As dorky as you might look, use a pointer to guide your eyes along the line that you’re reading so you keep moving forward. 

You can use a pen or just your finger.

If you want to increase your pace then just move the pointer faster and your brain will automatically read faster to try and keep up with it. 

Don’t Read Word-by-Word

Almost everyone is guilty of this habit since it’s how we learned to read in the first place: one-word-at-a-time. However, focusing on individual words can often make you miss the overall concept of what’s being said. 

How are you reading this paragraph right now? Are your reading each distinct word or in blocks of 2, 3, or 4 words at a time? 

Practice expanding the amount of words you read at a time by holding the text a little further from your eyes.This helps you begin to see chunks of words instead of distinct units. 
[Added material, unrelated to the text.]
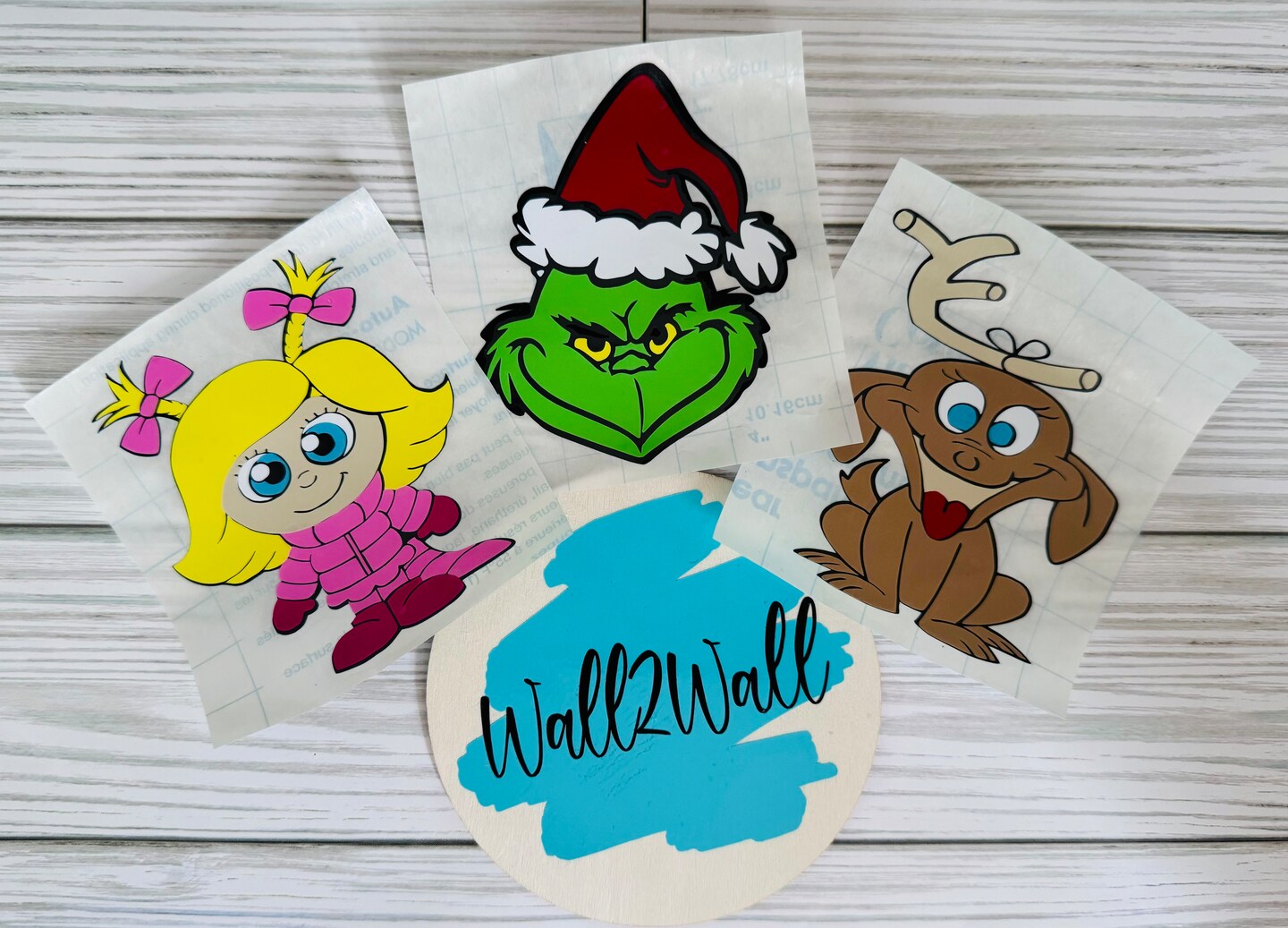 grinch-cindy-lou-who-and-max-the-dog-decals-makerplace-by-michaels for Free Printable Grinch Mask Template Grinch, Cindy Lou Who and Max the Dog Decals | MakerPlace by Michaels for Free Printable Grinch Mask Template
Naturally, the more words you process at a time, the faster you will read! 

Stop Saying Words in Your Head (Sub-vocalization)

How many times have you caught yourself mouthing the words you are reading or even whispering them to yourself?

This is called sub-vocalization, and it actually takes up a lot more time than needed because your brain understands a word much faster than you can say it. 

When you do this, you’re basically limited to reading at the same pace as talking, and your brain can do MUCH better than that.

Eliminating this habit alone will increase your reading speed by an astonishing amount. 

Who Says You Have to Read In Order?

Naturally, we read right to left and then downwards line-by-line. But most of the time there is more information presented than you actually need to know, and so reading every single thing becomes a waste of time. 

Scan the page for headings, phrases in bold, and bullet points. These are usually what contain the core information. 

There’s no law saying you have to read something in the exact order the author wants you to! Skim the fluff and soak in the key material


Hopefully you’re noticing that this is a common tip whenever you want to become more efficient at something.

Of course it’s hard to read when the TV is on, your phone keeps going off or there’s people talking all around you.

This is especially true for speed reading which requires even more concentration. 

Watch out for internal distractions too. Inner thoughts like rehashing a recent encounter or wondering what you’re going to do tonight is exactly what causes the “eyes moving down the page but not processing a single word” syndrome. 

*Word of caution: not everything should be read quickly. If there is something where you need to understand the message completely, analyze thoroughly, or memorize the information then speed reading is probably not the best approach. 

This usually goes for legal documents, a draft essay or even the emails you get from a loved one. These are better read completely, sub-vocalizations and all. 

Of course, like any skill, speed reading will take practice, practice, and more practice.... so try starting with some easy material like an entertaining article or a novel.